|
EVLİYÂ
HAYÂTINDAN SAHÎFELER
İstanbul’da yetişen büyük velîlerden Yahyâ Efendi (rahmetullahi teâlâ
aleyh) hazretlerinin babası Şamlı Ömer Efendi uzun müddet Trabzon’da kâdılık
yaptı. Yahyâ Efendi orada dünyâya geldi. Kânûnî Sultan Süleymân da Trabzon’da
aynı sene aynı haftada doğdu. Kânûnî ile süt kardeşi oldular. Kânûnî dünyâya
geldiğinde, annesi Âişe Hafsa Sultanın sütü kesilmişti. Bunun üzerine Kânûnî’yi
Yahyâ Efendinin annesi emzirdi.
Kânûnî
Sultan Süleymân, sultan olunca, ona çok yakın alâka gösterdi. Çok yardım edip,
İstanbul’daki meşhûr yerine yerleştirdi.
Kânûnî
Sultan Süleymân Han bir gün Yahyâ Efendiye hatt-ı şerîf gönderip; “Birâderim
Yahyâ Efendi! Şaşılacak şeydir ki, bizi terkettin.

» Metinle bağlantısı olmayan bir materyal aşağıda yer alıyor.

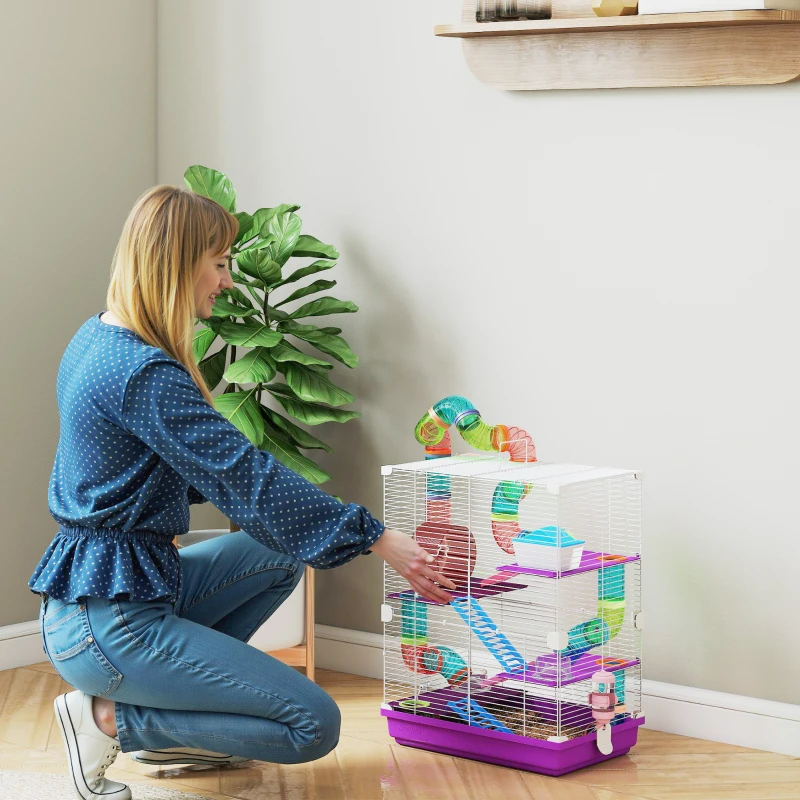 PawHut 5 Tiers Hamster Cage Portable with Exercise Wheels Play Tube Water Bottle Dishes House Ladder for Gerbils, Purple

Hayli zamandır görüşemedik.
Buna sebep nedir? Eğer bizden size karşı bir kusur meydana geldi ise kerem edip
af buyurunuz. Teşrif edip bizi sevindiriniz. Böylece kırık gönlümüz neşelensin.”

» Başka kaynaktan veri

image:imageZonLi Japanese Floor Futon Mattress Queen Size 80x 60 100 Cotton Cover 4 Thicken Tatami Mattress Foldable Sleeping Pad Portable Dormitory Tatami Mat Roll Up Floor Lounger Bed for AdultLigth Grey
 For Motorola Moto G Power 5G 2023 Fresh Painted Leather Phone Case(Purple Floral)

dedi. Hatt-ı şerîf, Yahyâ Efendiye ulaşınca, kâğıt kalem istedi ve Kânûnî’ye
cevap yazıp onun görüşme isteğini kabûl etti. Dergâhına dâvet etti. Sohbette
bulundular.
Askerî ve
mülkî erkân, ahâlinin ileri gelenleri, çevredeki ve uzak yerlerdeki insanlar,
tüccârlar ve bilhassa gemiciler, Yahyâ Efendiyi ziyâret ederler, hediye ve adak
gönderirler, hâcetleri için duâ isterlerdi. Yahyâ Efendi, yanına gelen
ziyâretçilere çeşit çeşit yemekler, şerbetler ve meyveler ikrâm eder, geleni boş
çevirmezdi. İyilik, ikrâm ve ihsânları pekçoktu. Bâzan şehrin ileri gelen
zâtları ile ilim sâhiplerini dâvet eder, çeşit çeşit ikrâmlarda bulunurdu. Bâzan
da fakir ve yoksullara ziyâfet çeker, gönüllerini alırdı. Her sene Resûlullah
efendimizin, dünyâya teşriflerinin sene-i devriyyesi olan mevlid kandilinde,
daha çok iyilik ve ikrâmlarda bulunur, daha geniş ziyâfetler verirdi. İlim
talebelerinden, fakirlerden ve zayıflardan ziyâretine gelenlere çok sadakalar
verir, en aşağı hediyesi kayık ücreti olurdu. Bahçesinde bulunan meyvelerden
Kânûnî Sultan Süleymân Hâna takdîm ve hediye eder, Sultân da ona, maddî yardımda
bulunurdu.
Yahyâ
Efendi, çeşitli ilimlerde söz sâhibi olup, naklî ilimlerden başka; tıb, hikmet,
hendese ve fizik gibi aklî ilimlerde de mahâret ve ihtisas sâhibi idi. Duâsı
Allahü teâlânın izniyle hastalara şifâ olurdu. Kendisi, hem zâhirî, hem de
bâtınî kemâlâta sâhipti. Üveysî idi. Dil ve gönül ehli, şâir, tabîb, hakîm,
cömert, kerîm (iyilik edici), şefkatli, yumuşak huylu, zekî, iyi huylu, takvâ ve
güzel ahlâk sâhibi bir zâttı. Ziyâretine gelenler, onun kereminden,
kerâmetinden, hikmetli sözlerinden, tıbba dâir bilgilerinden, ilim ve
fazîletinden istifâde ederler, feyz almış olarak dönerlerdi. Sohbetinde
bulunanların herbirine “Âşık” diye hitâb ederdi. Sohbetlerinde din büyüklerinden
bahseder, onların menkıbelerini, güzel hâllerini anlatırdı.
Yahyâ
Efendinin iyilik, ikrâm ve ihsânları pekçok olmakla birlikte, kendisi gâyet sâde
bir hayat yaşar, her türlü lüzumsuz âdetten kaçınır, resmiyetten uzak dururdu.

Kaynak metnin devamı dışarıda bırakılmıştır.